Samsung Galaxy S6 – Software and Performance
Octa-core Exynos 7420 big.LITTLE Processor; Mali T760 GPU; 3GB RAM
The Galaxy S6 runs Android 5.0 Lollipop integrated with a newly streamlined version of TouchWiz and it’s incredibly snappy to use. One of the best features is the multi-window functionality – I used it frequently.
SEE ALSO: 10 Best Android Phones
Multi-window lets you open and use two apps simultaneously by holding down the option button or dragging from the top left corner of the screen. It’s great for writing an email while checking details online, or sharing posts from social media while talking about them with a friend on WhatsApp, for example.
Overall, the streamlined look and feel of the TouchWiz is a winner. We did experience a couple of instances where downloaded and native applications would randomly stop working, but we imagine this will be smoothed out fairly easily with updates.
TouchWiz gets a huge helping hand by the fact this is the most powerful smartphone on the market right now. Only the HTC One M9, with its Qualcomm Snapdragon 810 processor, gets close to matching its performance.
The S6 has some great themes, we especially liked the Space theme on the right
The credit goes to the 64-bit Samsung Exynos 7420 octa-core processor and 3GB RAM – it’s the first time Samsung has used this chip in a phone. It seems that switching away from Qualcomm’s top-end Snapdragon processor in its flagship phone has paid off handsomely.
The Exynos 7420 processor has an advantage over the powerful Snapdragon 810 processor used by the HTC One M9 because the chip is smaller and more energy efficient. You can read the software and performance sections of our Samsung Galaxy S6 Edge review for a more detailed breakdown of how it compares to the competition, but needless to say the S6 impresses.
One of the best demonstrations of the Galaxy S6’s power is how smoothly it handles graphically intensive games like Real Racing 3 or Asphalt 8. There are no dropped frames whatsoever and the games are rendered better than we’ve seen on any other phone.
Samsung Galaxy S6 – Speaker
The speaker is at the base of the phone, next to the microphone. On the Galaxy S5, the speaker was on the lower back of the phone, which meant it nestled in the palm of your hand when using the phone upright – not helpful.
It seems Samsung has tried to address that by moving it again, but placing it on the base isn’t the most sensible alternative as it puts the speaker in the palm of your hand (again) if you view videos or play games in landscape.
To get around this you either have to use headphones, hold the phone carefully or have some method for propping it up so you don’t have to hold it. It’s a frustrating niggle.
When unblocked, the audio quality is much improved over previous Samsung phones. The speaker placement works well for taking calls, and renders voices clearly. It has a better range, too, though it’s still ‘top heavy’ with high pitched sounds dominating.
On a more positive note, the Galaxy S6 does a half decent job with bass. You won’t get much joy trying to use the Galaxy S6 to entertain a small group of friends in an open space, but it’s definitely good enough for watching videos or playing games in private.
Clearly the Galaxy S6 can’t touch the HTC One M9‘s BoomSound Dolby audio stereo speakers, but it’s definitely an improvement over the Galaxy S5 – I just wish the speaker faced forwards.
Related: Best Headphones 2015
Samsung Galaxy S6 – Call Quality and WiFi Calling
We didn’t experience any dropped calls during our time with the Galaxy S6 – a problem we did occasionally suffer with the S6 Edge.
Signal strength was as high and consistent in various locations as the HTC One M9 and iPhone 6. Moreover, the iPhone 6 and the S6 are the first phones optimised for Wireless Calling from EE. This means phone calls and texts can be made even when there is no network signal, as long as you’re connected to a good WiFi network.
It’ll be great for anyone who has black spots in their home or who live in areas where network signal is notoriously poor.

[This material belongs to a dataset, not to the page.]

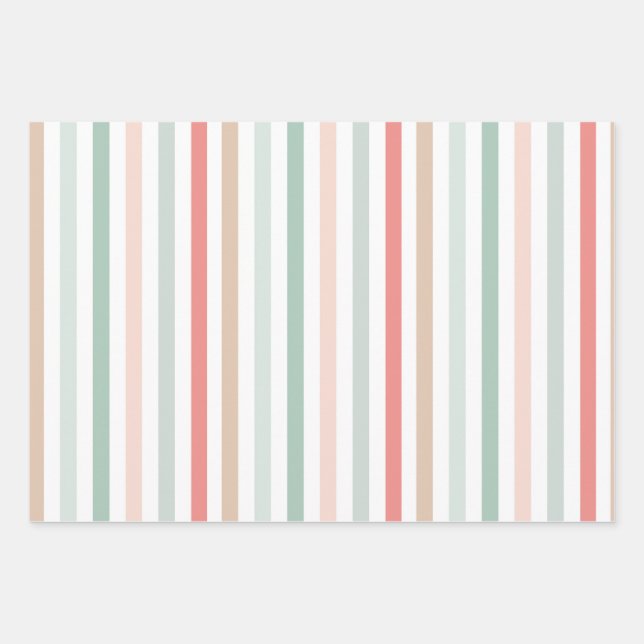 Weihnachtsstreifen Geschenkpapier Set (Vorderseite)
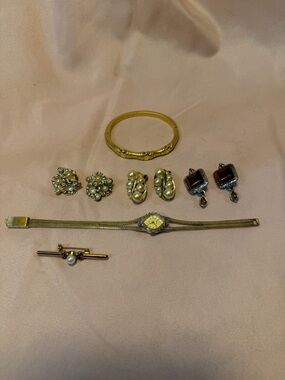 Gold-tone Pearl & Stone Accent Jewelry Set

It also means you can make calls or send texts on a WiFi enabled London underground platform, which is great for emergencies and productivity.
Using EE’s Wi-Fi Calling is seamless and requires no additional app or login. The phone operates as normal when connected to Wi-Fi, using the same phone dialler, same contacts and messaging app.
Call quality is good provided you have a solid connection, although even on its loudest setting it didn’t feel quite loud enough when using the phone on a busy street. The noise cancelling mic does a good job of keeping out ambient noise, though, and the person on the other end of the phone will hear you clearly.